=== WHAT IS EXPECTED ===
Could you output each line below precisely as it stands, without the images?

=== PROVIDED DATA ===
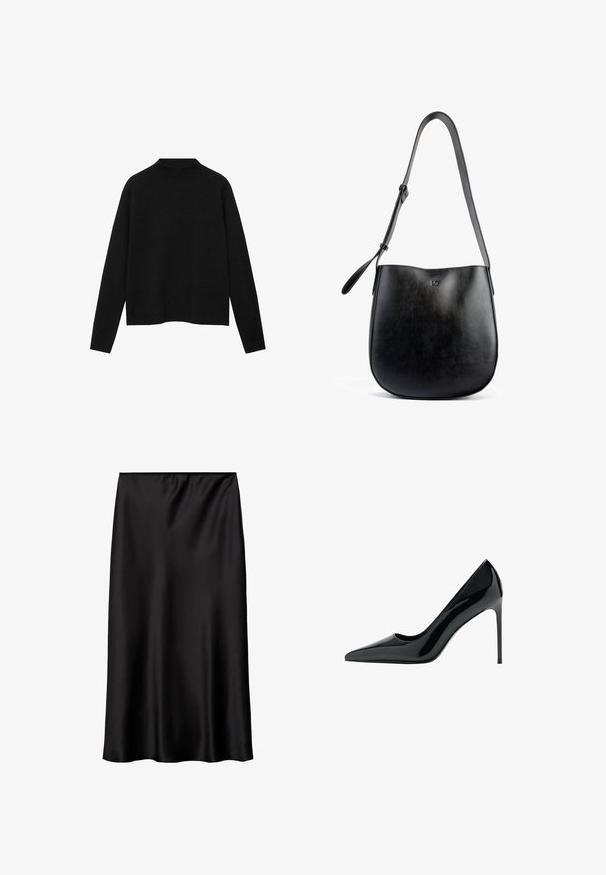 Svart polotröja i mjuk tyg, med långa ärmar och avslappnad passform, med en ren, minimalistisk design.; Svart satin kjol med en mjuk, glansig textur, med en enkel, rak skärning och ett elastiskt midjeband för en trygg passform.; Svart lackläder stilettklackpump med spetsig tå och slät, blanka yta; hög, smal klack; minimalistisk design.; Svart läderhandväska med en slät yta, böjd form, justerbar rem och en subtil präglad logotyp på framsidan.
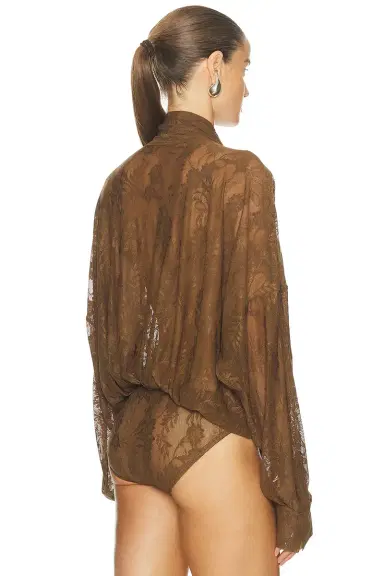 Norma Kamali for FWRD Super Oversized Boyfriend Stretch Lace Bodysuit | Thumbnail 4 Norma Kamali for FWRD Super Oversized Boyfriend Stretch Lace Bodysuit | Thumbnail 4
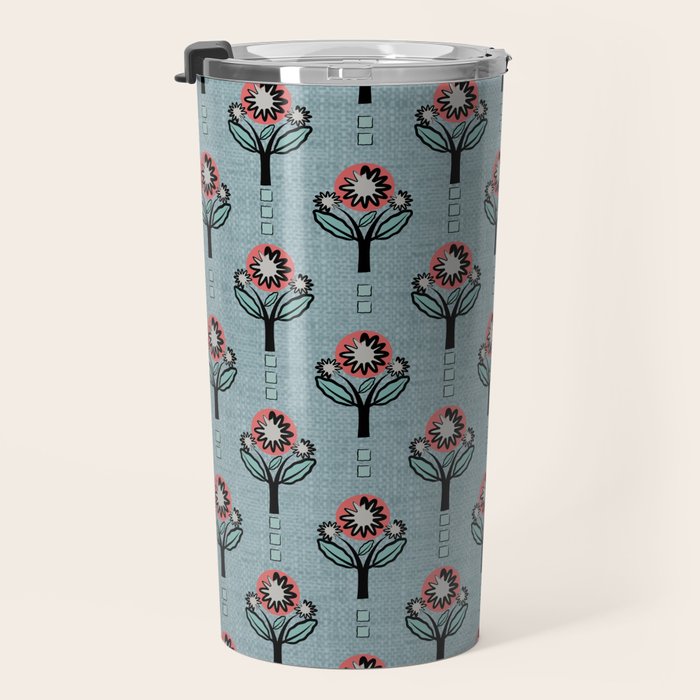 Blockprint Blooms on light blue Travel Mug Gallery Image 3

=== RESULT OF THIS EXERCISE ===
 Svart polotröja i mjuk tyg, med långa ärmar och avslappnad passform, med en ren, minimalistisk design.; Svart satin kjol med en mjuk, glansig textur, med en enkel, rak skärning och ett elastiskt midjeband för en trygg passform.; Svart lackläder stilettklackpump med spetsig tå och slät, blanka yta; hög, smal klack; minimalistisk design.; Svart läderhandväska med en slät yta, böjd form, justerbar rem och en subtil präglad logotyp på framsidan.
 Norma Kamali for FWRD Super Oversized Boyfriend Stretch Lace Bodysuit | Thumbnail 4 Norma Kamali for FWRD Super Oversized Boyfriend Stretch Lace Bodysuit | Thumbnail 4
 Blockprint Blooms on light blue Travel Mug Gallery Image 3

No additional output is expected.